A 1942 graduate in Journalism from the American University in Cairo, then a well respected author, teacher and, for the past 67 years a political, economic and literary journalist. Between 1945 and 1952 he worked for the famous Cairo newspapers “Al-Moqtataf” and “Al-Moqattam” where he headed a number of departments and wrote the daily lead editorial, which was regularly quoted by various Arab and foreign media outlets.
He is well-known in the Arab world as the author and translator of over forty books in literature, economics, biographies, politics and journalism. He also taught journalism at the American University in Cairo between 1948 and 1957.
He also assisted in the compilation of three encyclopaedias: the Encyclopaedia Coptica, published by the University of Utah, the simplified Arabic version of the Columbia Viking Encyclopaedia, The “Encyclopaedia of Egyptian and World Personalities”, and the Arabic version of the Spanish Kombi Illustrated Encyclopaedia.
His most recent work, published in 2003, consists of a two-volume anthology of distinguished Arab writers, intellectuals and orientalists he has known throughout his career.

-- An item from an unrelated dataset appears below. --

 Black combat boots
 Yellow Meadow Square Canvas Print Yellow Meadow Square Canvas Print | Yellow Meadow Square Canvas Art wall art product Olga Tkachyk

It is reported that he was the first to predict that Naguib Mahfouz, the Egyptian winner of the 1988 Nobel Prize in literature, would one day become an international celebrity.
Aside from the hundreds of articles he authored and were published around the Arab world, he became the General Manager of the Cairo office of the Arabian-American Oil Company (ARAMCO) and supervised the publication of its monthly Arabic magazine “Qafelat Al-Zayt”, the prestigious sister publication of Aramco World Magazine, which is specialized in the Arab and Muslim cultures and history, and is considered to be the closest thing to a National Geographic.
Several writers in Egypt and in other countries have written about Wadie Philistin and his work, such as the full page profile about him written by Ms. Safynaz Kazem and published in the 1996 issue of the Egyptian “Al-Ahram” daily. Ms. Kazem points out that “his intellectual hobby is to hunt down scientific terms which have been overlooked by specialized dictionaries”. She further describes his usage of Arabic as “so elegant (that) it makes those who love the language gasp in wonder…his elegant, witty pen fathoms the depths of the character he depicts, obliterating the barriers between the subject and the reader”.
He was eventually elected member of the prestigious Arabic Language Academies of both Syria (1986) and Jordan (1988), though curiously enough not in his own country! Philistin is one of the rare Egyptian writers who have been at home intellectually both in Egypt and the rest of the Arab World. Like Eltaher, he has a wider vision of the world around him, and did not fall victim to national introversion. While some people pigeon-hole themselves under this or that religious label, he was intellectually beyond all that, and those he dealt with were almost all in that category. This was the era of pan Arab intellectualism, when certain men and women had freed themselves from the constraints of narrow-mindedness and suffocating ‘localitis’.
Wadie Philistin and Eltaher were very good friends and maintained a long-lasting correspondence during the life-time of the latter. As ever and whenever he could, he never misses mentioning his friend Eltaher and “Dar Ashoura”. Like his friend, and like so many other thinkers, he was imprisoned and treated ignominiously. Three generations of Egyptians have never heard of him, and, like Safynaz Kazem, are just discovering him.
Wadie Philistin, who is over eighty years old at time of writing in 2010, maintains an active correspondence, and continues to write, translate and participate in literary conferences in Egypt and overseas. Now that he has been “rediscovered”; his cultural articles and literary reviews have reappeared in Egyptian publications.